[Stored dataset items]
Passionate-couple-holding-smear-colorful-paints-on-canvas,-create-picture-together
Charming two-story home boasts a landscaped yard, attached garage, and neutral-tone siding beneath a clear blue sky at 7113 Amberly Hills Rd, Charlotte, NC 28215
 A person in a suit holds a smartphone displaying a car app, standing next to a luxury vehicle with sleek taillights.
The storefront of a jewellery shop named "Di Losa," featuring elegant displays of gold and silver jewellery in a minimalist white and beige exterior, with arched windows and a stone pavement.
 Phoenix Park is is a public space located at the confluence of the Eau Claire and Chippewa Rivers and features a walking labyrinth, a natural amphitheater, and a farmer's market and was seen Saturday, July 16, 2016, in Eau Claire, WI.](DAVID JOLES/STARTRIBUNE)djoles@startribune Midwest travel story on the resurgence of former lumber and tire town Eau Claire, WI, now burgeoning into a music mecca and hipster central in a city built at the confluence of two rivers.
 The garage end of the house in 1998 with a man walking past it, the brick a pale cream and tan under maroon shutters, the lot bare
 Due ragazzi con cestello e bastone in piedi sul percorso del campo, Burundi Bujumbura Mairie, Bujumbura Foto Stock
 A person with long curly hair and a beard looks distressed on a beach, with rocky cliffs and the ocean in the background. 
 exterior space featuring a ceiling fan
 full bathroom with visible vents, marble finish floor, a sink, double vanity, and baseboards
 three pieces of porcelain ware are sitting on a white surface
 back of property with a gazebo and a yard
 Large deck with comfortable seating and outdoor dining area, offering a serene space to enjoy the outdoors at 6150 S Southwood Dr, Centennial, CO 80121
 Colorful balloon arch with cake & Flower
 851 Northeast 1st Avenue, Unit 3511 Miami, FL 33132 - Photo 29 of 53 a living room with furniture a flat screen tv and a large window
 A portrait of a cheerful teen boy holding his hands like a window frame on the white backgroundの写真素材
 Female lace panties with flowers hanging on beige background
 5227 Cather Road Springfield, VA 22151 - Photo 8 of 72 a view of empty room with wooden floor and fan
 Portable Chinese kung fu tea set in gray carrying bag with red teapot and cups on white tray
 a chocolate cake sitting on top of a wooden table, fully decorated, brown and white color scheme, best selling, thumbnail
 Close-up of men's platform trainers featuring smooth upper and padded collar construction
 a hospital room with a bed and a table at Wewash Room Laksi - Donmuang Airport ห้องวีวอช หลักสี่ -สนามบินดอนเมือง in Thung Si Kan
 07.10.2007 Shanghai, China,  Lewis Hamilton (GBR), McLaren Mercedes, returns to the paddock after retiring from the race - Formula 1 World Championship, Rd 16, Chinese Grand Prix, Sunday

- **Exercise instructions**:
An exact copy of the data is needed, running from its first line through the line that holds "The storefront of", and nothing beyond that.

- **Problem solution**:
Passionate-couple-holding-smear-colorful-paints-on-canvas,-create-picture-together
Charming two-story home boasts a landscaped yard, attached garage, and neutral-tone siding beneath a clear blue sky at 7113 Amberly Hills Rd, Charlotte, NC 28215
 A person in a suit holds a smartphone displaying a car app, standing next to a luxury vehicle with sleek taillights.
The storefront of a jewellery shop named "Di Losa," featuring elegant displays of gold and silver jewellery in a minimalist white and beige exterior, with arched windows and a stone pavement.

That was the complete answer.